Marie's sons were nabbed for the death of Dr Louis Heyns. She wants to support them - but she has only R10 to her name.
|||Malmesbury - “I thought I’d have a peaceful retirement. I could never dream this would happen to me.”
Marie Botha, 70, the mother of two of the men arrested in connection with the murder of Stellenbosch academic Dr Louis Heyns, says this as she rubs her arms for warmth in a cramped, bare brick room she shares with three children in Malmesbury.
Botha used to be a wealthy woman who ran her own hair salon and provided “everything and more” for her two sons and two daughters.
But her life has been reduced to a far cry from that - all she has left is some clothing and a wilted R10 in her pocket, and she is sharing a room in a friend’s home.
Botha’s sons, aged 33 and 43, and a third person are to appear in the Somerset West Magistrate’s Court on Monday.
They are suspected of killing Heyns, who disappeared a week before his body was found in a shallow grave in Strand on Thursday.
Police traced the Peugeot that Heyns had been driving to Malmesbury, where they arrested the three suspects.
Speaking in the cramped room, which had just enough space for the double bunk in it, Botha said she wanted to be at the court on Monday, but did not have a lift. She has few possessions other than clothing and toiletries.
To get to and from the room she has to climb a steep, muddy embankment and use a wire washing line to balance herself.
Botha initially lived in Upington with her husband, two sons and two daughters.
Her husband’s work then took the family to Nigel, where they lived for years.

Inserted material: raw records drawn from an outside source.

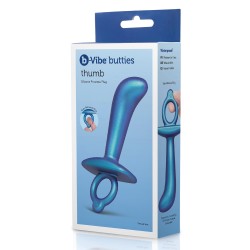 B-VIBE Thump Prostata Plug aus Silikon Blau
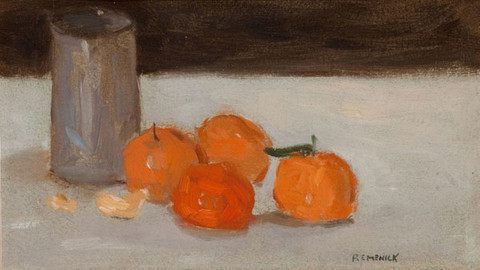 Seymour Remenick: Tangerines (Undated) Oil on paper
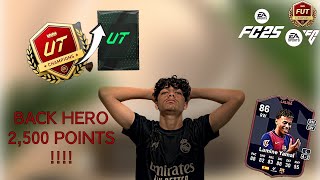 LE PREMIER FUTCHAMPIONS SUR FC25  JAI ACHETE PACK HERO 2500 POINTS  TEST YAMAL 86 [upl. by Boffa]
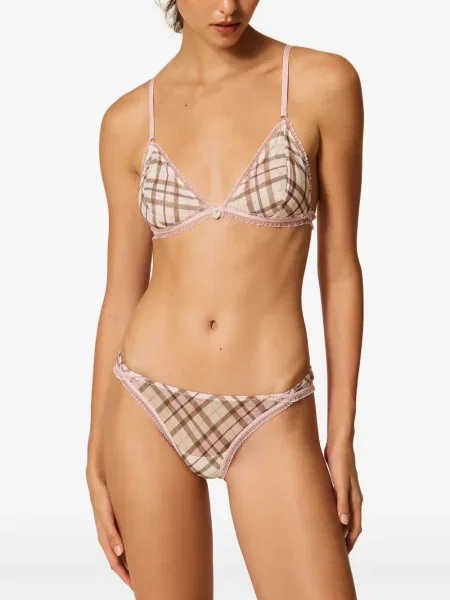 Kockás brief bugyi Twinset nyomtatás
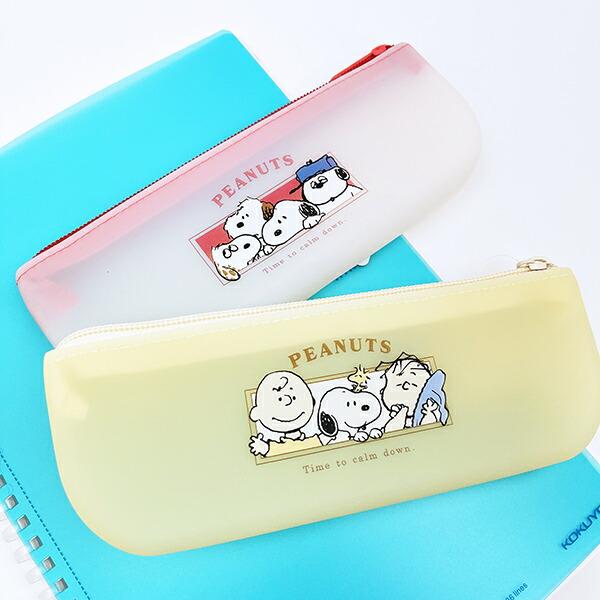 スヌーピー フレンズ SOFUTTO シリコーンマルチケース 文具 SNOOPY 商品画像5：キャラグッズPERFECT WORLD TOKYO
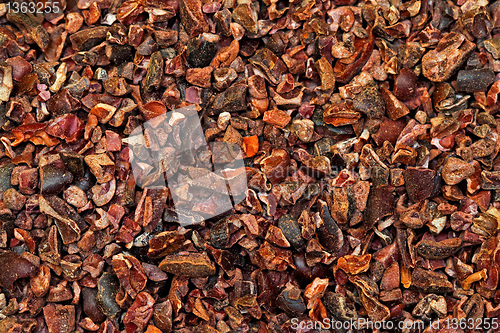 Image of Cocoa nibs texture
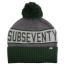 Pom Beanie Green Grey Back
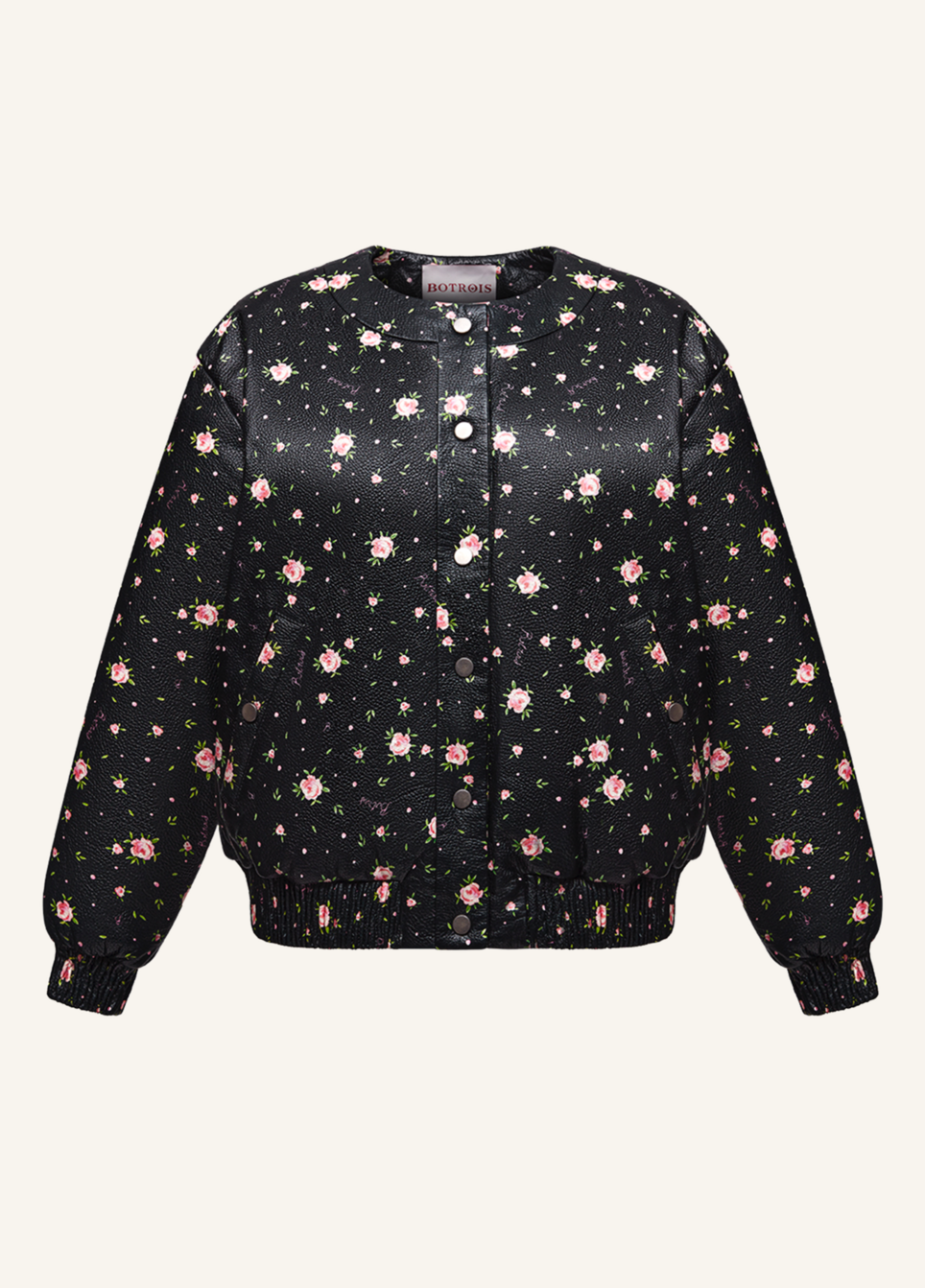 Gabrielle Garden Leather Bomber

“We had a lot of money. My husband’s brother is a multimillionaire. In Nigel I had my own things, my own furniture - and look now,” Botha said.

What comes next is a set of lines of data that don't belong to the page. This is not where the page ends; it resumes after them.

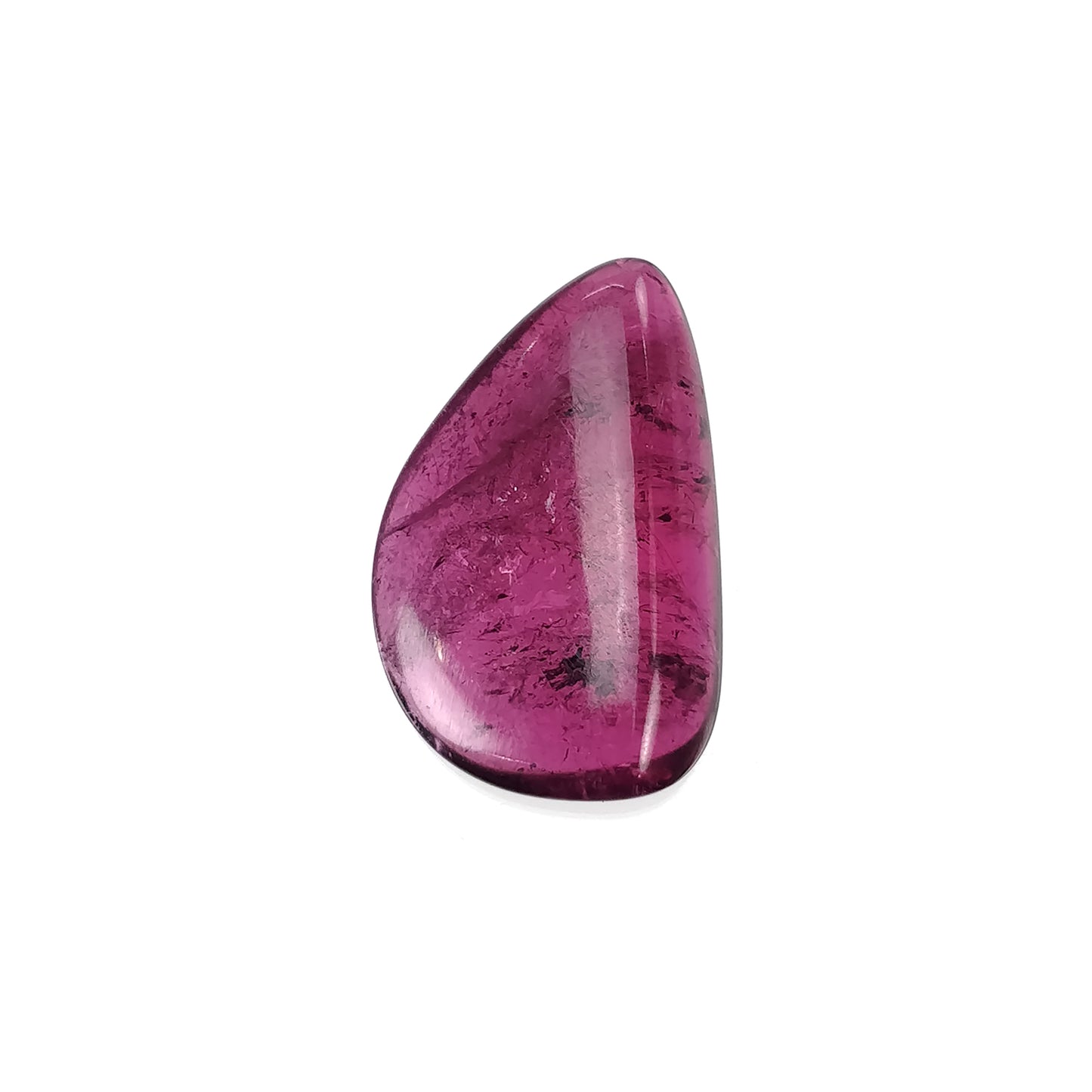 Pink Tourmaline Gemstone Tumble : 17.35cts Natural Untreated Tourmaline Uneven Shape Cabochon 24*15mm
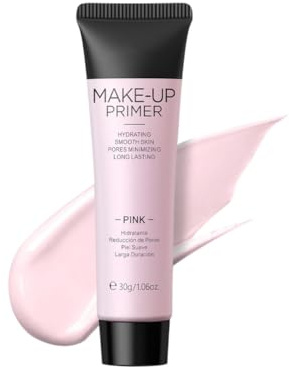 NAOLVE Mattierender Make-up Primer für Porenverblendung & Ölkontrolle – Leichter Teint-Ausgleich mit Langzeit-Hydratation und Seidig-Matter Hauttextur​ (pink, 30g)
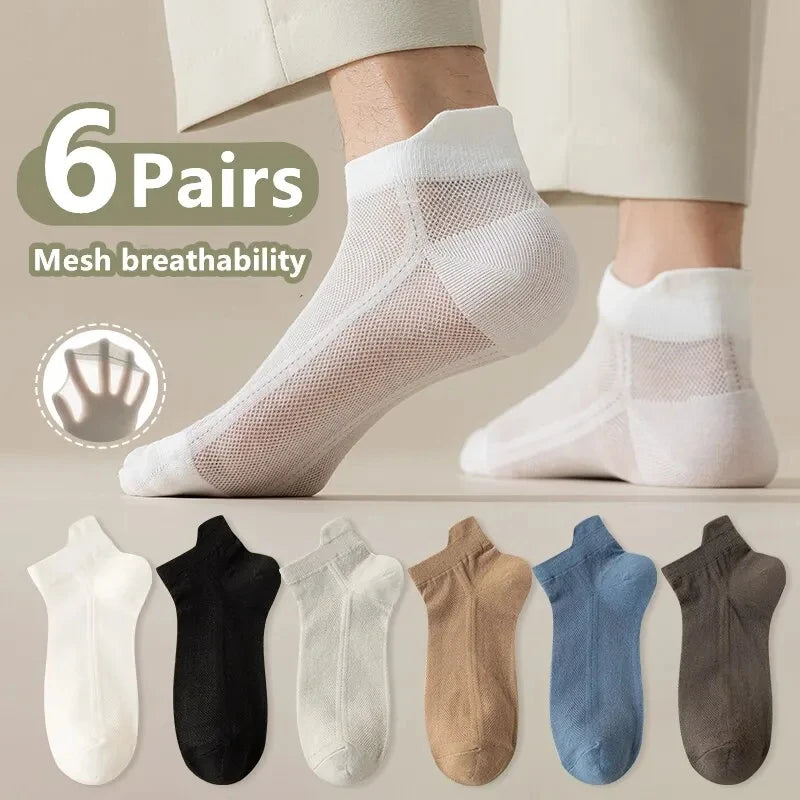 20/10/6/5/4/3/1pairs Men's Fashion Cotton Breathable Comfortable Ankle Socks, Men's Summer Socks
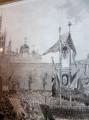Раритетная гравюра "Коронация императора Николая ii и императрицы Александры Федоровны"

About a decade ago, when her husband fell ill with emphysema, her family moved to Gordon’s Bay.
Her husband died a while after the move.
Botha’s home situation began to deteriorate as the abuse of drugs, especially tik, became a problem in her family.
The drug abuse led to theft.
“I’d wake up and the TV would be gone. Once I woke up and my car was gone,” Botha said.
“I had two hair salons, one in Upington and another in Durbanville. I made a lot of money... It was all stolen from me.”
Botha and her sons, one of whom she said was often in prison for theft, moved to Malmesbury, where they initially stayed in a shelter.
Friends later took them in.
One of her daughters remained in Nigel. Botha said this daughter wanted nothing more to do with the family.
Botha’s other daughter was ill and lived in Strand.
“I’m in a terrible situation... I’m sitting with R10 in my pocket,” Botha said.
“I used to have so much. I’ve always been a good mother. My children always had everything they needed and more.
“If I had known this would happen, I would never have come here.”
Early on Thursday police officers arrived to arrest her sons.
Botha, still half-asleep, did not know what was going on and only realised why they had been arrested when she read newspapers the next day.
She felt “very sorry” for Heyns’s family.
Hendrika Hendricks, 39, seven months pregnant with the child of one of Botha’s sons, said on Sunday she was shocked by the arrests.
She lives in a shelter.
Hendricks said that she would not focus on the court proceedings.
“I’m just going to focus on myself, my health and that of my child.”